Hi guys

I was solving the problem 86D — Powerful Array using Mo's algorithm. But I get TLE.

Someone can help me?

My solution

**Cod**

```
/*input
3 2
1 2 1
1 2
1 3
*/
#include <bits/stdc++.h>
using namespace std;
#define all(x) x.rbegin(), x.rend()
#define sz(x) (int) x.size()
#define pb push_back
#define fst first
#define snd second
typedef string st;
typedef long long ll;
typedef unsigned long long int ull;
typedef vector <int> vi;
typedef pair <int,int> ii;
typedef pair <int, ii> iii;
int block;
#define maxn 1000005
#define maxf 200004
struct Mo{
int l, r, id;
Mo(){}
Mo(int l, int r, int id){
this->l = l, this->r = r, this->id = id;
}
bool operator < (const Mo o){
if(l/block != o.l/block)
return l/block < o.l/block;
return r < o.r;
}
};
int see[maxf];
ll ans[maxf], v[maxf], freq[maxn];;
Mo q[maxf];
ll resp;
void update(int x){
if(!see[x]){
resp -= (freq[v[x]]*freq[v[x]])*v[x];
freq[v[x]]++;
resp += (freq[v[x]]*freq[v[x]])*v[x];
}
else{
resp -= (freq[v[x]]*freq[v[x]])*v[x];
freq[v[x]]--;
resp += (freq[v[x]]*freq[v[x]])*v[x];
}
see[x] ^= 1;
}
int main(){
int n, t, x, y;
scanf("%d %d", &n, &t);
block = sqrt(n);
for(int i = 0; i < n; i++)
scanf("%lld", v+i);
for(int i = 0; i < t; i++){
scanf("%d %d", &x, &y);
q[i] = {x, y, i};
}
sort(q, q+t);
int L = 0, R = 0;
resp = 0;
for(int i = 0; i < t; i++){
int l = q[i].l-1, r = q[i].r-1;
int id = q[i].id;
while(L < l)
update(L++);
while(L > l)
update(--L);
while(R <= r)
update(R++);
while(R > r+1)
update(--R);
ans[id] = resp;
}
for(int i = 0; i < t; i++)
printf("%I64d\n", ans[i]);
return 0;
}
```

block = sqrt(n), should be block = sqrt(maxn) in this case, as you are reasoning on the frequency of each element on the array, not the array it self.

Can you explain?Bcz block size is for Queries.So how it is related to freq

Also, I learnt this thing from teja349: If L1 and L2 lie in the same block, you check the parity of the block. If the parity is even, then you sort according to increasing R or else you sort according to decreasing R. This reduces runtime to half and is quite enough to get AC on this problem.

My AC submission using this trick: http://codeforces.com/contest/86/submission/28243471 (Sorry for the incredibly ill-named variables)

Thank you, ista2000. I got acc using this trick.

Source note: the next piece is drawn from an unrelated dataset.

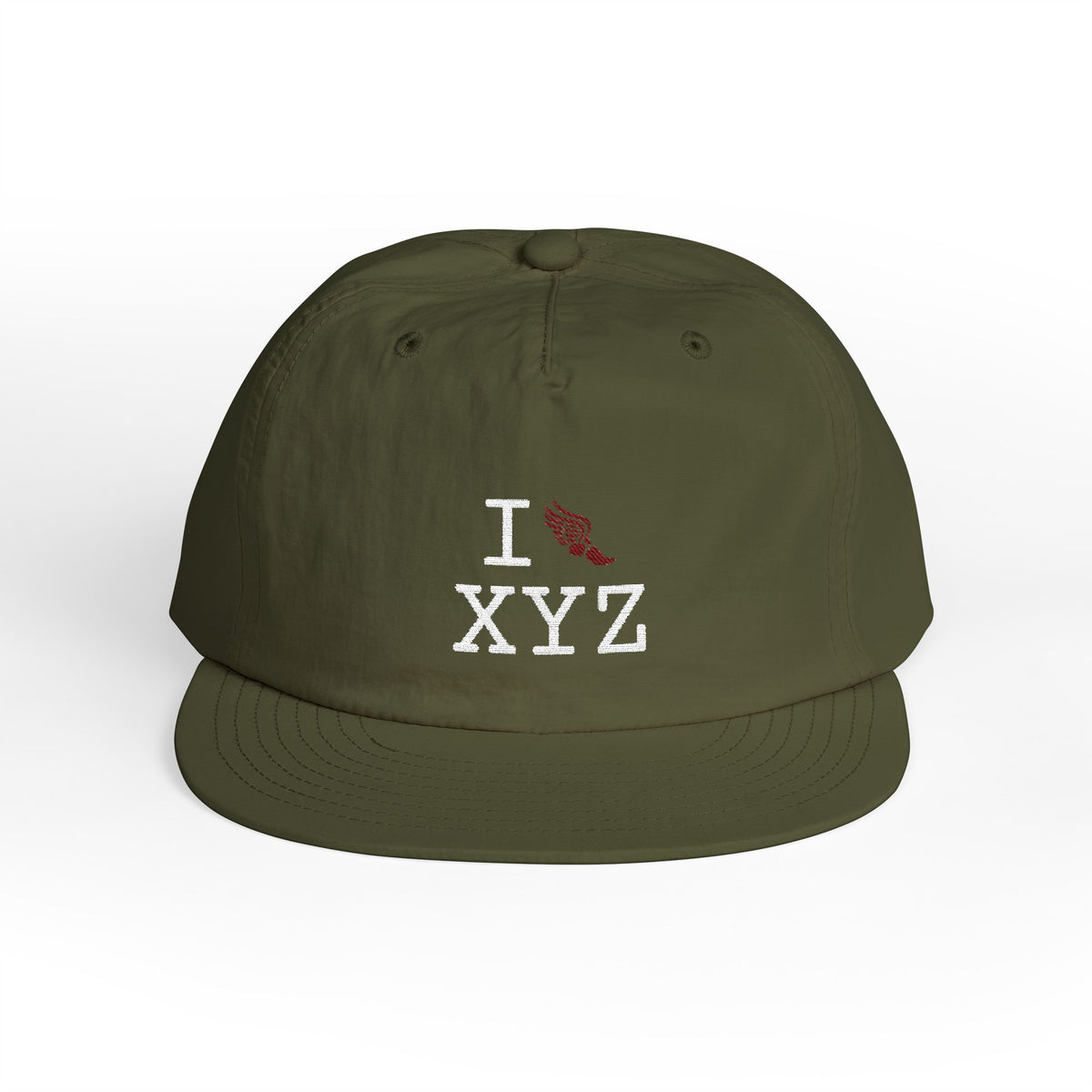 I Run athletic hat, maroon logo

I will write this trick in my notebbok :P!

Nice

@MagicPotato can you please explain why "if the parity is even, then you sort according to increasing R or else you sort according to decreasing R" would reduce the runtime to half ? Thanks in advance.

You will traverse the groups in this sort of pattern:

/\ /

/ \ /

/ \ /

/ \/

Instead of this one:

/| /| /|

/ | / | / |

/ | / | / |

/ |/ |/ |

Thus if you count each dash as one iteration, you can easily see you would need approx. twice the number of iterations, which on a tightly time bound problem such as this one would lead to a TLE.

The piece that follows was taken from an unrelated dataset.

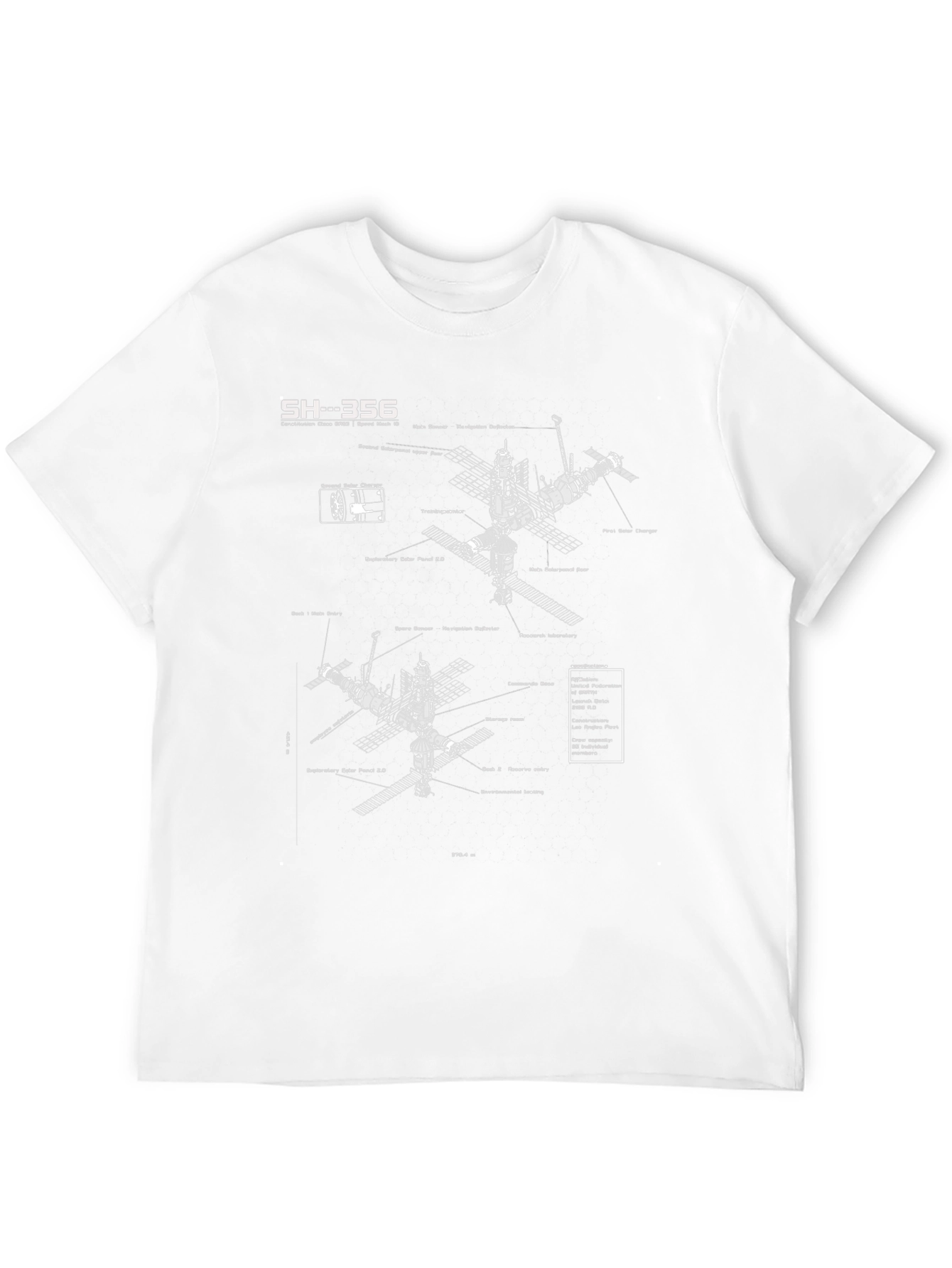 Black Space Station Blueprint Graphic T-Shirt view 12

never seen a person naming a variable "_" !!!

You can also try with ceil (sqrt (n)) . It worked for me . @gaurav172 taught me this .

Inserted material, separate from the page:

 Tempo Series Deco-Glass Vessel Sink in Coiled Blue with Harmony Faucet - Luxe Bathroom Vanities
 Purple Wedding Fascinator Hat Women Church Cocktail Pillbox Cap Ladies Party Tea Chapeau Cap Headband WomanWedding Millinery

your update function can be optimized to run much more efficiently. I tried this in java and on 9th attempt got it to work.35944895 3 methods. solve, add and remove to make it work. add()/ remove() is where the trick lies

In my opinion, this is possible to resolve with Mo's Algorithm but C++ is not a good choice to implement an abstract solution. In some case, you need to use a big vector or Array to get store the frequency but in this case is possible to use a hash map. Unfortunately, the implementation of the C++ map is very bad. Maybe Java can be faster than C++ in this case.

Anyway, this is my solution, that uses pure Mo'a algorithm https://codeforces.com/contest/86/submission/103715846

After using ios_base::sync_with_stdio(false); it worked, lol!